Patients in the radiation group received daily doses of radiation beginning 28 days after surgery. Radiation treatments continued for five and a half weeks. The brain MRI scans were repeated for all patients at three-month intervals for the first year after treatment and every six months thereafter.

To decide which treatment was better, researchers evaluated the length of survival, presence of tumor recurrence in the brain, length of time to brain recurrence, and the cause of death of patients.

"The addition of postoperative radiotherapy resulted in substantially better control of the brain tumor than with only surgery," Patchell said. "Patients receiving radiation had significantly less recurrence of tumor in the brain, and even when they did have brain tumor recurrence, it usually occurred later than in the group that did not receive radiation."

The addition of radiation prevented patients from dying as a direct result of their brain tumors. Only 14 percent of patients in the radiation group died of neurologic causes compared to 44 percent in the group that did not receive radiation. Despite the reduction in brain recurrence rates and death due to neurologic causes, postoperative radiotherapy did not result in increased overall survival or improvement in the length of time that patients were able to independently function.

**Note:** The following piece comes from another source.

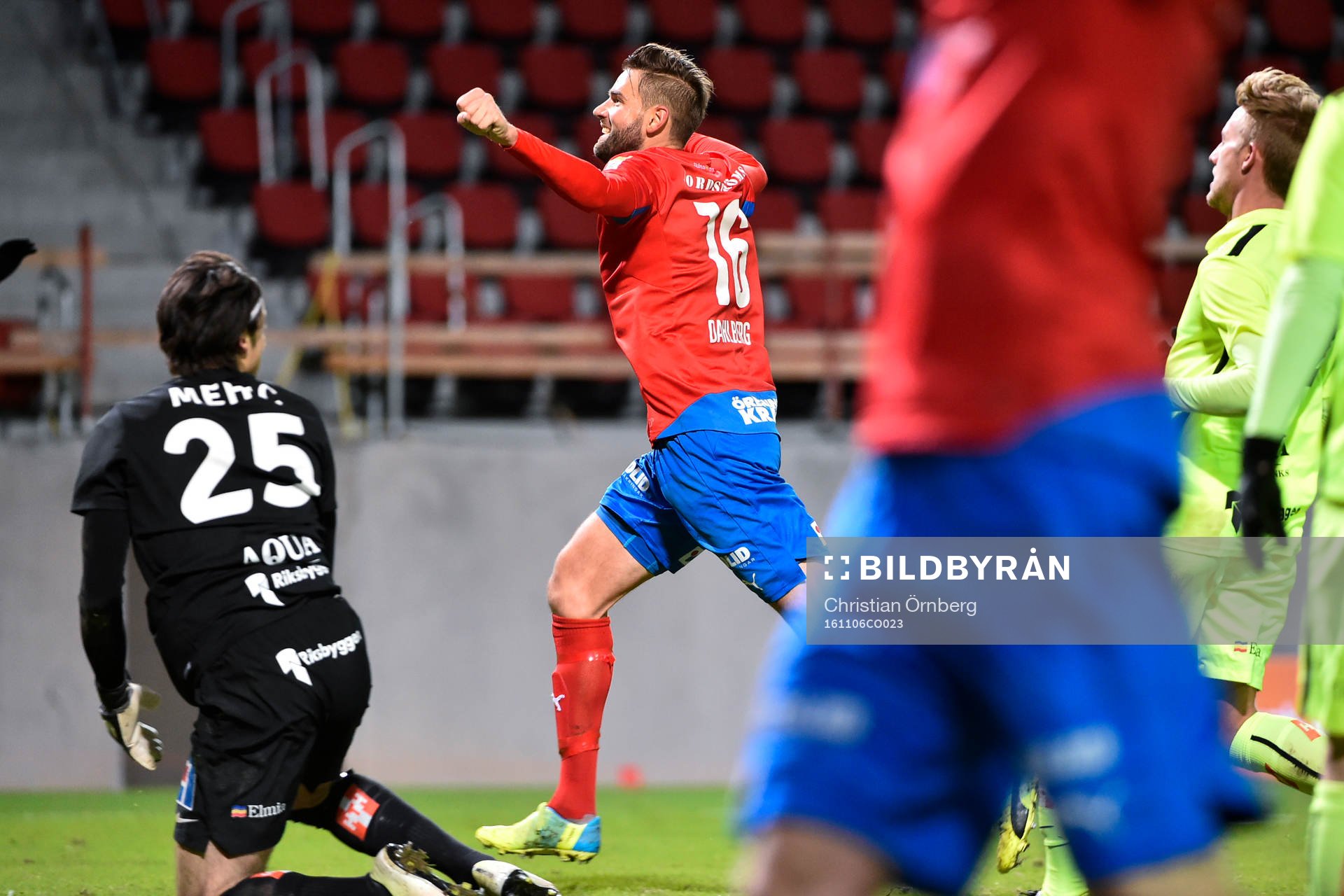 Helsingborgs Mikael Dahlberg  jublar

Other UK researchers contributing to the study were: Phillip Tibbs, M.D., professor of surgery and rehabilitation medicine, UK College of Medicine, and director of the UK Spine Center; William Regine, M.D., associate professor of radiation medicine, UK College of Medicine; Robert Dempsey, M.D., professor of neurological surgery, University of Wisconsin Medical School; Mohammed Mohiuddin, M.D., professor and chair of radiation medicine, UK College of Medicine; Richard Kryscio, Ph.D., professor and chair, department of statistics, UK and director of the Biostatistics Consulting Unit, UK Chandler Medical Center; William Markesbery, M.D., professor of neurology and pathology, UK College of Medicine and director of the Sanders-Brown Center on Aging; Kenneth Foon, M.D., professor of medicine, UK College of Medicine, chief of hematology and oncology and director of the UK Markey Cancer Center; and Johnston-Wright Chair Byron Young, M.D., professor and chief of neurosurgery.